Just when you thought the iPad was the coolest item in your electronics arsenal, the iPad2 comes along and all of a sudden, the original iPad isn't as feature-rich as it seemed before.
But the rapid fall into obsolescence is not a problem affecting just the iPad – this trend is reflected with all consumer electronics.
However, there is a new microchip with the potential to change the status quo. It is a reprogrammable, low cost chip capable of self-rearranging its design on demand.
That way, when a manufacturer wants to add functionality, the logic gates of the chip can be modified to implement the new feature. Thus, consumers may be able to avoid buying a new model or physically replacing the old chip.
The reprogrammable chip is built by Tabula, a tech start up. Tabula’s chip is a less costly yet more powerful alternative to current reprogrammable chips such as FPGA (field programmable gate array). FPGAs are usually used in low volume, high cost devices such as CT scanners where regularly buying a new model to replace an older model is prohibitive and impractical.

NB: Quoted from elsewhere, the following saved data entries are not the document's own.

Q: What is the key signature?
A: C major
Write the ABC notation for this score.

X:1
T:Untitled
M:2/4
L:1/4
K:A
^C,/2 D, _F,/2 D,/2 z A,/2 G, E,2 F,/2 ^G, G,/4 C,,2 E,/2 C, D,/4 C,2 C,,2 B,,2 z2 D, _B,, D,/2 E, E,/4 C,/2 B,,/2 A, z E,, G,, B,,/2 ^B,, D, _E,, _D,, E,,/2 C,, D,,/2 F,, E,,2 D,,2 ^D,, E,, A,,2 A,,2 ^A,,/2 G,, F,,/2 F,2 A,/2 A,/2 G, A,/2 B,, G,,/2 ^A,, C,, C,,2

Tabula’s cost advantage over FPGAs is mostly as a result of its smaller size and reduced cost. Indeed, the large size of FPGA chips not only drives up the cost – it also slows down the performance of the chip given the distances signals have to travel on the chip surface.
If the FPGA is a large single story building, consider Tabula’s chip to be a multistoried building achieving the same ‘volume’ but with considerably smaller footprint. Signals thus travel shorter distances.
While the concept of 3D chips has so far remained behind the closed doors of tech research labs, Tabula has developed a technique that makes a single level chip respond in the same way as a 3D chip. Tabula’s chip cycles between eight different layouts at speeds of up to 1.6Ghz – an impressive speed for a reprogrammable chip.